§ **WORK TASK**:
Reproduce the full listing below exactly. Do not include the pictures.

§ **DATA BELOW**:
·····
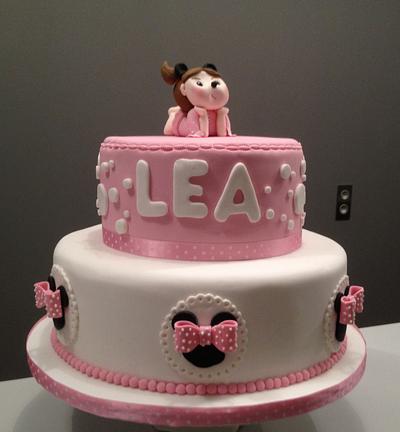 Mouse Little Girl Cake - Cake by TRÈS MIGNON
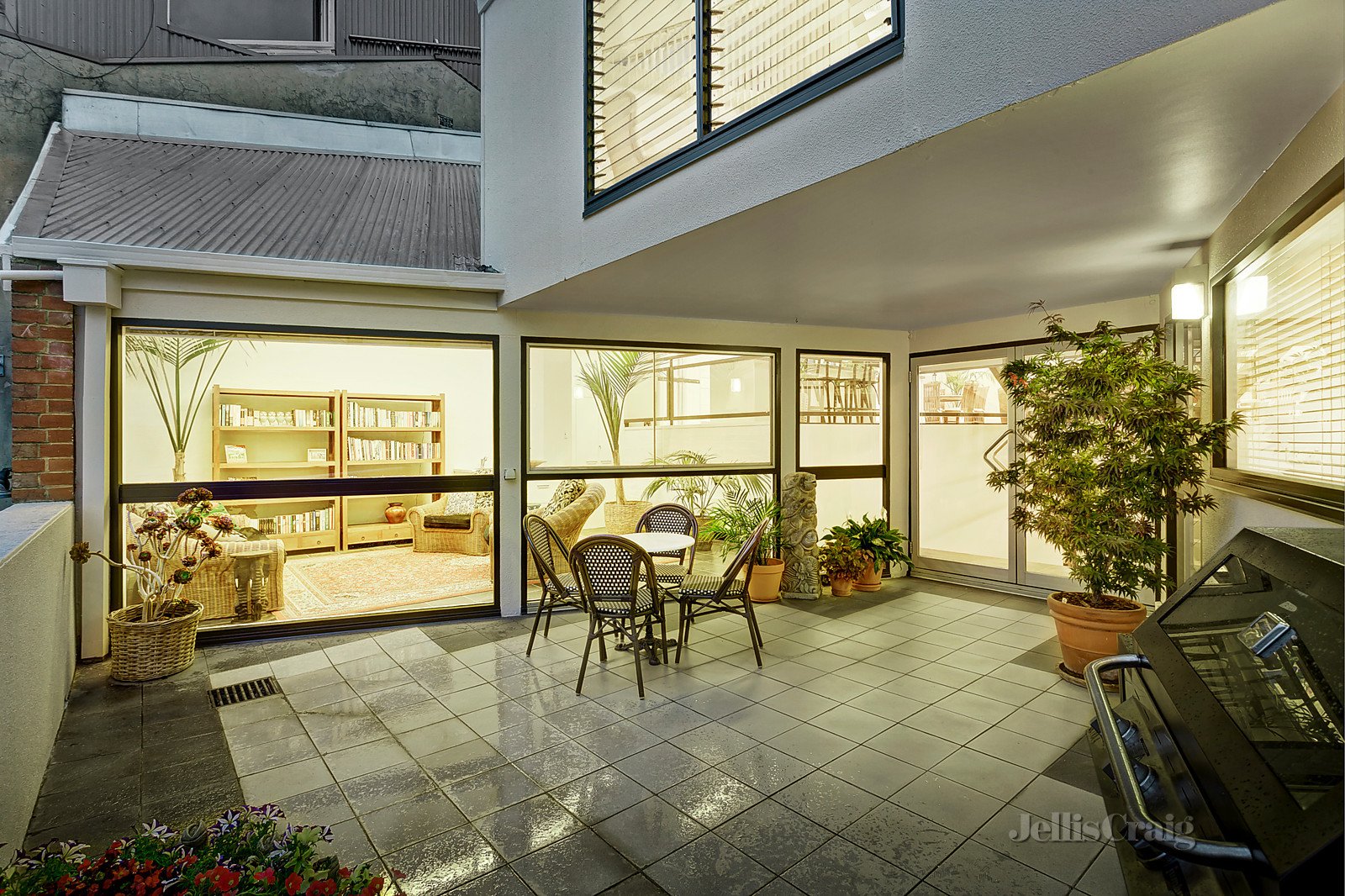 2-4 Moss Place, North Melbourne image 6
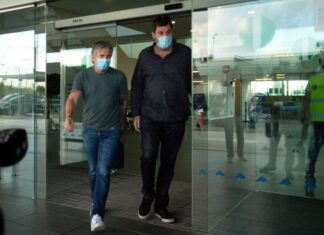 Pai de Lionel Messi chegou a Barcelona para negociar desvinculação do filho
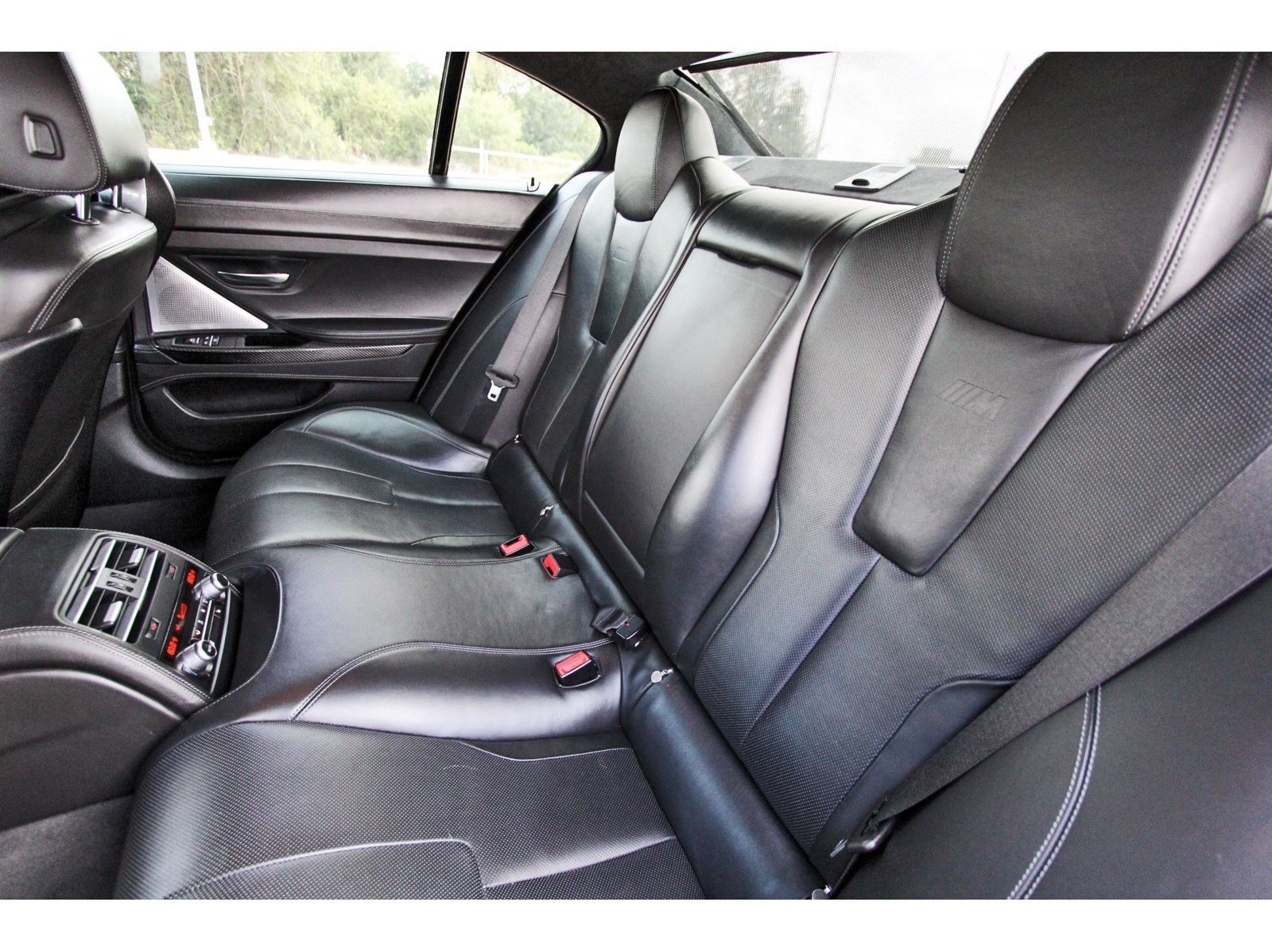 Used 2017 BMW M6 Gran Coupe RWD image 32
·····
§ **YOUR RESPONSE**:
 Mouse Little Girl Cake - Cake by TRÈS MIGNON
 2-4 Moss Place, North Melbourne image 6
 Pai de Lionel Messi chegou a Barcelona para negociar desvinculação do filho
 Used 2017 BMW M6 Gran Coupe RWD image 32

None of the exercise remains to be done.